Fan sentiment and UEFA and FIFA’s threats were likely enough to sink the Super League regardless, but a not insignificant part of the equation is that only twelve clubs, drawn from three leagues, signed on to the initial move. It’s not like Florentino and the gang didn’t ask. Paris Saint-Germain (pretty surprisingly) said no, Porto turned them down too. Most notably, the Super Leaguers weren’t able to persuade Bayern Munich or Borussia Dortmund either. Clubs in Germany are bound by a 50+1 rule, which means that at least 51 percent of the organization has to be owned by fans. In general, though Bayern Munich and Borussia Dortmund are hardly friendly neighborhood co-ops, they operate more like clubs did 50 years ago than Arsenal and Inter do. They’re a little more keenly attuned to the balance between wringing money from the sport and grossing out their supporters. (This is not, by the way, a particularly high bar. Bayern play in Allianz Arena.)

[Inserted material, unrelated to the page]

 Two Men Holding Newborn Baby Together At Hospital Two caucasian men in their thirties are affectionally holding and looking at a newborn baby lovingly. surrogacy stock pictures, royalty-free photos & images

Bayern and Dortmund put out similar statements. They rejected the Super League while strongly supporting Champions League reform. In the short-term, they’ve already won a concession: the CL is moving to a more big club-favorable format in 2024. Over the long-term, they’ll continue to put pressure on UEFA to impose stricter financial restraints on CL teams—which have a salary cap-like effect of tamping down on transfer fees and player wages—and push for larger slices of guaranteed tournament revenue. The Super League was a drastic attempt to move in this direction by cutting UEFA out of the deal entirely. The German giants are taking a slightly more cordial approach. Given how swiftly and fearfully UEFA acted against the Super Leaguers, while also green-lighting the new Champions League format, you can tell they feel penned in. They know the nuclear option is more firmly on the table than it’s ever been. 

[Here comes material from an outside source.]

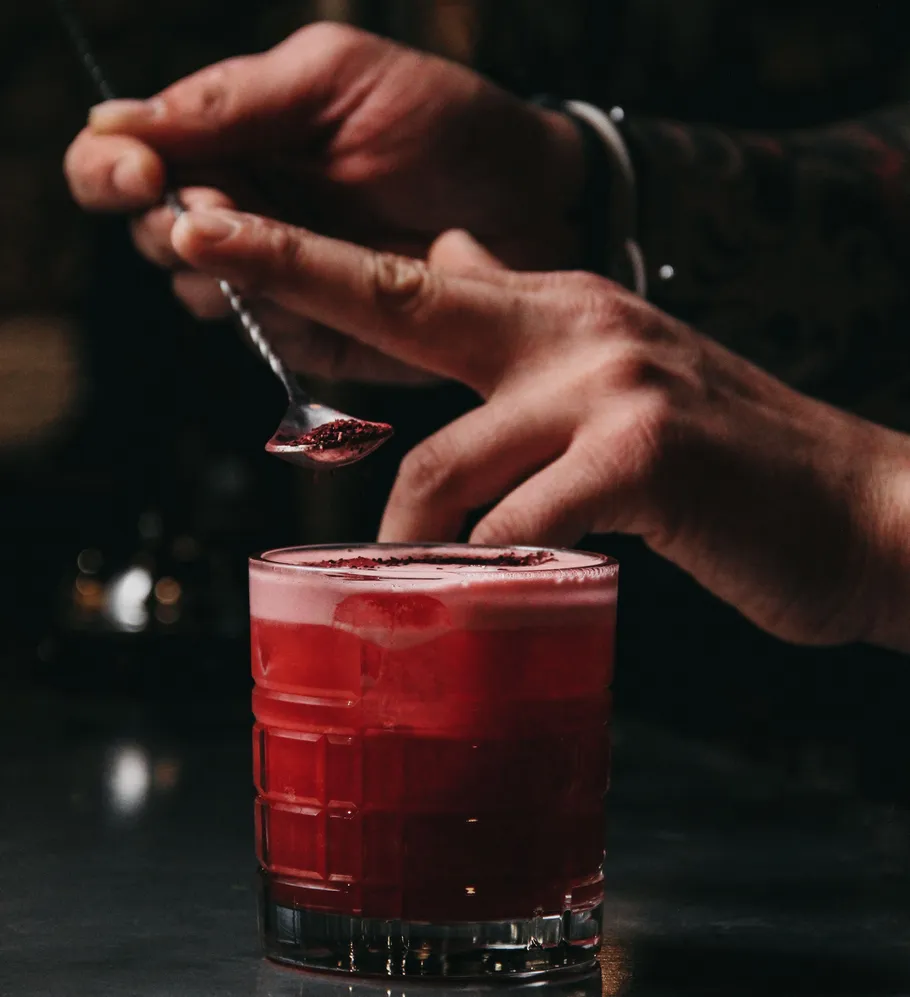 Hand sprinkles red powder on cocktail glass.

So the Real Madrids and Manchesters Uniteds of the world—the Bayerns and Dortmunds too—have gotten at least some of what they want, and UEFA have given some ground. When the two sides clash again five or ten years from now Real Madrid and Manchester United will have more power than they do now. More power to consolidate more power. This is sports; it ultimately doesn’t matter all that much, even if it does suck. But the people who own sports teams own other stuff too: oil and gas, media and communications companies, real estate development outfits, car manufacturers, tech firms. They make the world what it is, on a grand scale. And at the street level we do too but our influence, when we don’t bind together in large numbers, is woefully limited.

The big clubs were wrong about the current feasibility of the Super League, but a defeat on that front isn’t the same thing as a total loss. In fact, losing in any meaningful sense is basically impossible for companies of that size, men of obscene wealth and ambition. Everything is getting more like they’d like it to be all the time. The small victories, successful efforts to forestall that grim process of homogenization, are worth celebrating. It’s just depressing to know what’s coming, like walking around a city looking at all the pretty old buildings that have survived decades of rain and wind and heat, people pacing their floors and holding up their walls, trying to figure out how to live inside them, and wondering how many will last because there’s money in tearing them down.